--- YOUR INSTRUCTIONS ---
Every line from the one with "Daisyhallock" through the end of the records below should be restated word for word, and nothing outside that span.

[[ EXERCISE INPUTS open ]]

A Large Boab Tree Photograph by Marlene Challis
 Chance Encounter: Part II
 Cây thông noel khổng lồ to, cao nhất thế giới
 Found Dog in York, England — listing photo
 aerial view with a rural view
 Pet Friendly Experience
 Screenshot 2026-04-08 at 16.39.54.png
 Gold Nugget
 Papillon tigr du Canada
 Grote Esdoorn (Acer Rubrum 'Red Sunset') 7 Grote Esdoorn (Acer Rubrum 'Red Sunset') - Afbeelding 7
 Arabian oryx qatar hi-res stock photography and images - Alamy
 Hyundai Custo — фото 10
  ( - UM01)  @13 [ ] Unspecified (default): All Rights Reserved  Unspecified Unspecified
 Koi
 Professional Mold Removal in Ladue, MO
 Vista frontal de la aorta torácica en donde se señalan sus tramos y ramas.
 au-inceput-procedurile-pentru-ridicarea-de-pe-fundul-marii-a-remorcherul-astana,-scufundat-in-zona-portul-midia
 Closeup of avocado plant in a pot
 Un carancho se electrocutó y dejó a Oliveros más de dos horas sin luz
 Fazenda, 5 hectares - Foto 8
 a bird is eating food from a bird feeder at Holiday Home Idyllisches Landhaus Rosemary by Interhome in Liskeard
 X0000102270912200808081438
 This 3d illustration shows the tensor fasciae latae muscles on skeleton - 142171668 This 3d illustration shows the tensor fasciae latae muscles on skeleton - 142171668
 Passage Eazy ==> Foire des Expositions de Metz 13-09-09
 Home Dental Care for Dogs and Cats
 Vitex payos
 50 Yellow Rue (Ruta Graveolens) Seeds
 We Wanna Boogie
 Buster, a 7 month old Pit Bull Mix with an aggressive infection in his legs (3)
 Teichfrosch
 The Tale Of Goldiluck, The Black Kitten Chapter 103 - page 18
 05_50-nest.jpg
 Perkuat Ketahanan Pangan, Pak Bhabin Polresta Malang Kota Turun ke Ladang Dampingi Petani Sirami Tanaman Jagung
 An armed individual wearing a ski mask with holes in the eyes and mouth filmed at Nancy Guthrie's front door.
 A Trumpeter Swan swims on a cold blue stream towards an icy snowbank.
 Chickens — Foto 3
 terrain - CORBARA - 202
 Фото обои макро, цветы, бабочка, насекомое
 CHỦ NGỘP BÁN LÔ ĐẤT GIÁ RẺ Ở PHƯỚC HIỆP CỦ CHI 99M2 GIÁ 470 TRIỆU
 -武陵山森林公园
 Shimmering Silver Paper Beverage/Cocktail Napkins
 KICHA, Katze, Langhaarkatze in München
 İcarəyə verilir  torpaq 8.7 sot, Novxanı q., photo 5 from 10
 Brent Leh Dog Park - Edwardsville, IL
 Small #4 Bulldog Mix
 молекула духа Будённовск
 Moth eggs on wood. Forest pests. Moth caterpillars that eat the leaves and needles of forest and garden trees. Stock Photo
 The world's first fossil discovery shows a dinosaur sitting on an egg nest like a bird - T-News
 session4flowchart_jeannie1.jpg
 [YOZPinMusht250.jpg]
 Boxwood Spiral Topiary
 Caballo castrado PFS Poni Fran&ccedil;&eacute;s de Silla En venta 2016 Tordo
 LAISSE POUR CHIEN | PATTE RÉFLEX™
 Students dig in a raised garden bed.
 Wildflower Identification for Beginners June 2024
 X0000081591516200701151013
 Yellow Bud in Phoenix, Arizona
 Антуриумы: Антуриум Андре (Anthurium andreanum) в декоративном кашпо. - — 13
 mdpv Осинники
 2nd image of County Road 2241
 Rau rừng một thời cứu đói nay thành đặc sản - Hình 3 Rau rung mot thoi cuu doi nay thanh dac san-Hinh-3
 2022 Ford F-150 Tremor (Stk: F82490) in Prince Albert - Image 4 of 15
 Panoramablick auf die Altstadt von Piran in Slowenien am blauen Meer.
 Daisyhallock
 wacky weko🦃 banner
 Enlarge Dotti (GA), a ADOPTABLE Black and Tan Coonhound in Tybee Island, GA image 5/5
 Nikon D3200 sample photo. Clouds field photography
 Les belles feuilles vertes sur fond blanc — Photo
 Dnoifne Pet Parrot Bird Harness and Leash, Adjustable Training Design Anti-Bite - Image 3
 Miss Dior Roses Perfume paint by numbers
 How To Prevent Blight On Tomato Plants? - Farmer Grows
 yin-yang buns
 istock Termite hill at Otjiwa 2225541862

[[ EXERCISE INPUTS closed ]]

--- TASK OUTPUT ---
 Daisyhallock
 wacky weko🦃 banner
 Enlarge Dotti (GA), a ADOPTABLE Black and Tan Coonhound in Tybee Island, GA image 5/5
 Nikon D3200 sample photo. Clouds field photography
 Les belles feuilles vertes sur fond blanc — Photo
 Dnoifne Pet Parrot Bird Harness and Leash, Adjustable Training Design Anti-Bite - Image 3
 Miss Dior Roses Perfume paint by numbers
 How To Prevent Blight On Tomato Plants? - Farmer Grows
 yin-yang buns
 istock Termite hill at Otjiwa 2225541862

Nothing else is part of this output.